(Collected data)

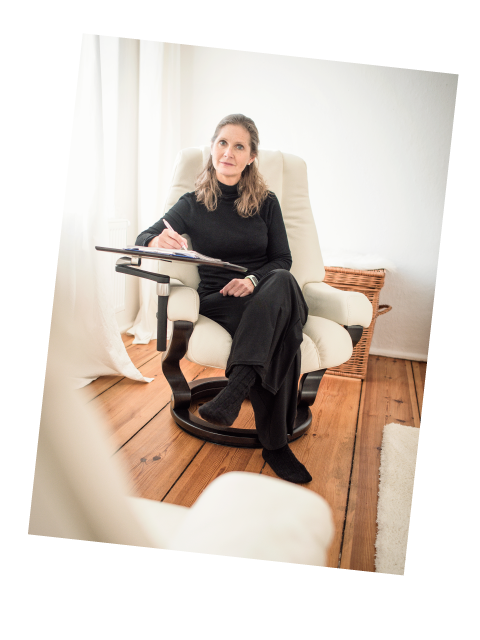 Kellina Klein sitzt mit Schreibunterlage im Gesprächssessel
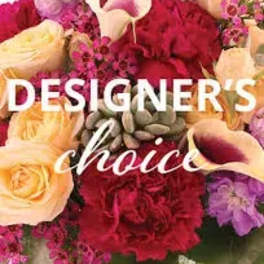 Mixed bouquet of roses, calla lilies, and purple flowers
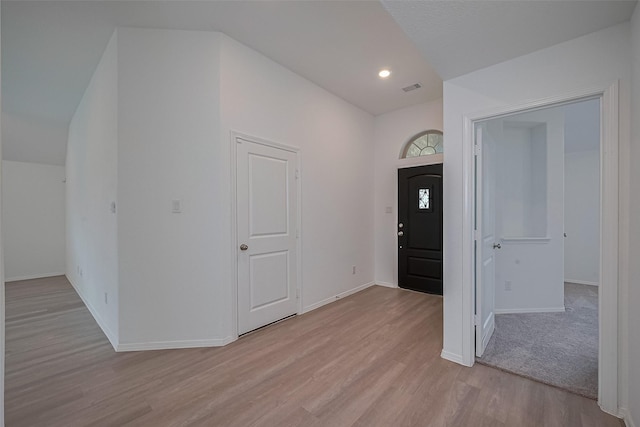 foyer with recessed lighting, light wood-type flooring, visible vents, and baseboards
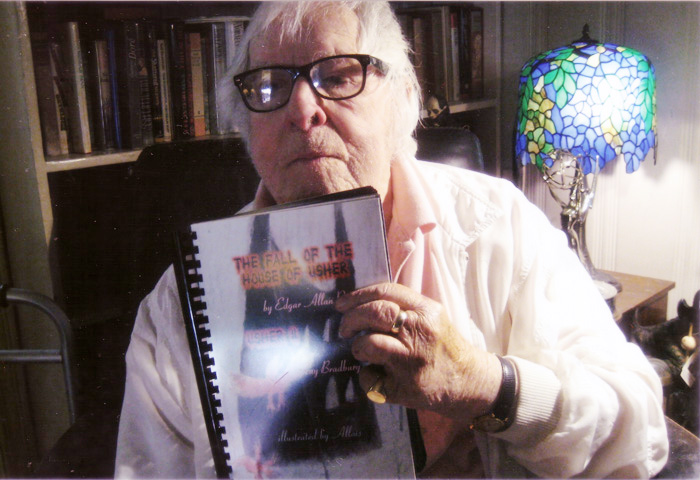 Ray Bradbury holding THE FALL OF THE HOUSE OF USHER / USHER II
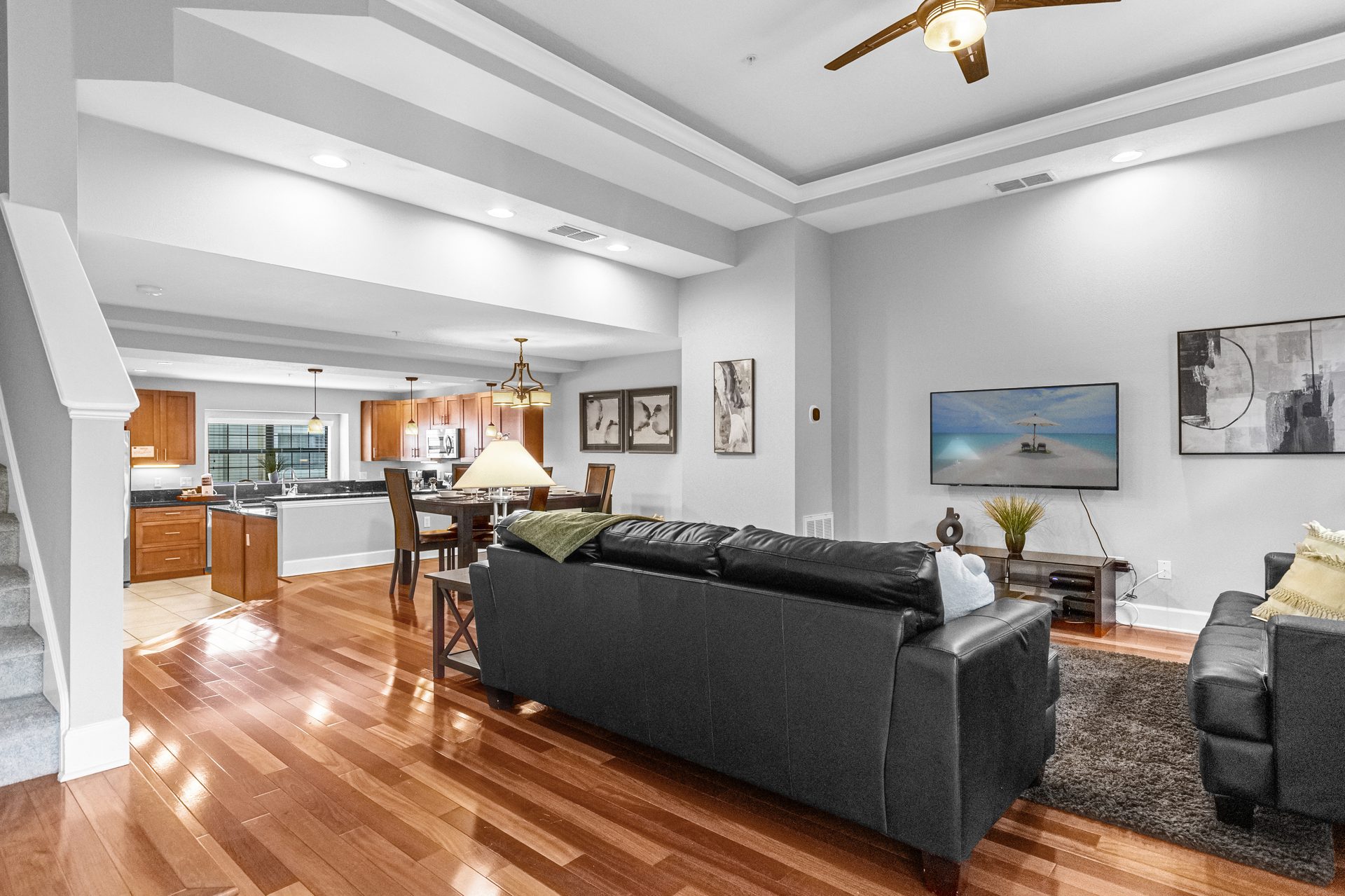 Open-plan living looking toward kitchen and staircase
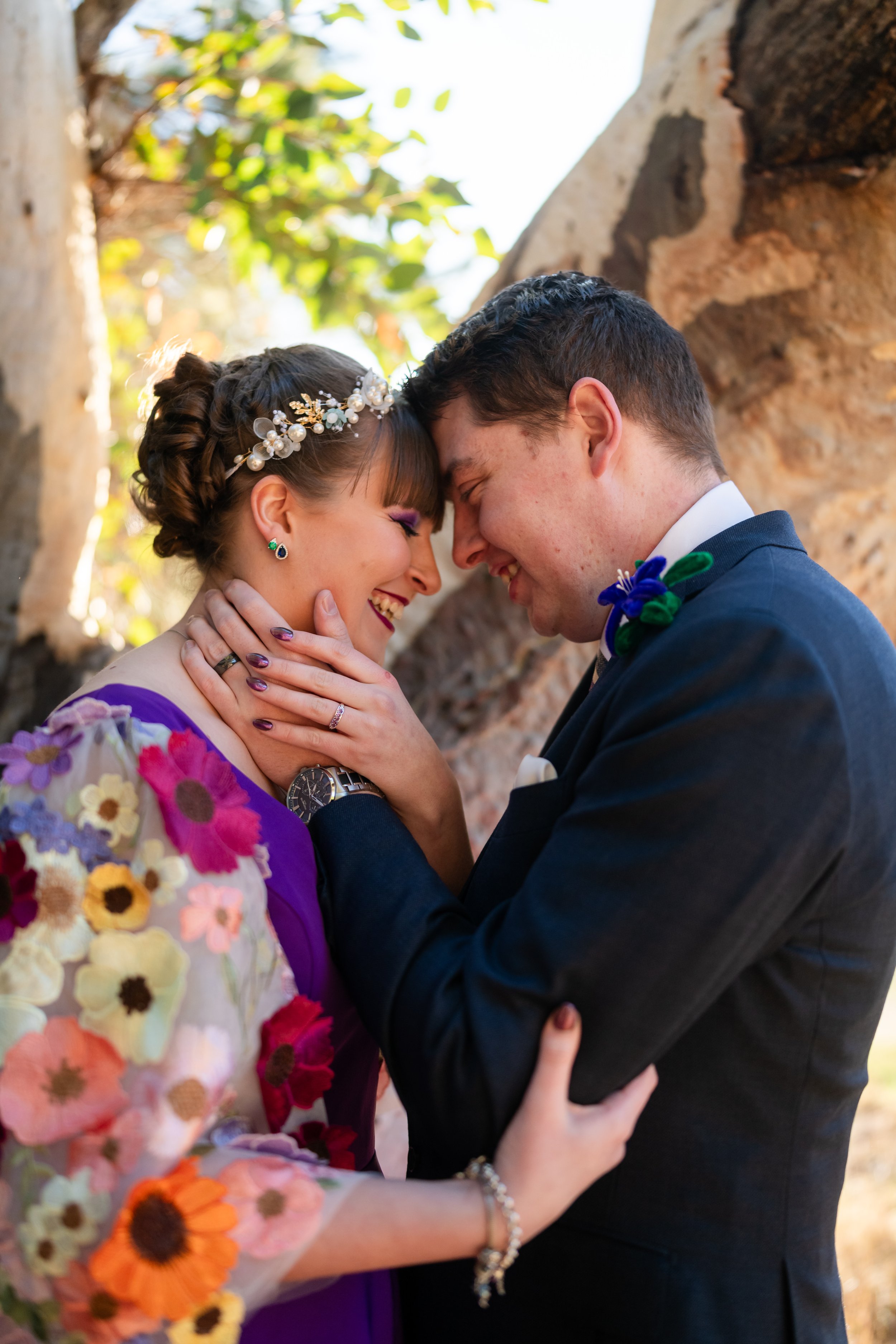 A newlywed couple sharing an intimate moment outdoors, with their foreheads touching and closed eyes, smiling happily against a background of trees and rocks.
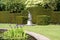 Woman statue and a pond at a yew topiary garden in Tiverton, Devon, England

**EXERCISE DESCRIPTION**
Retype the line containing "Open-plan living looking" and each line after it through the last line of the entries above, exactly, with no pictures and nothing else.

**ANSWER SECTION**
 Open-plan living looking toward kitchen and staircase
 A newlywed couple sharing an intimate moment outdoors, with their foreheads touching and closed eyes, smiling happily against a background of trees and rocks.
 Woman statue and a pond at a yew topiary garden in Tiverton, Devon, England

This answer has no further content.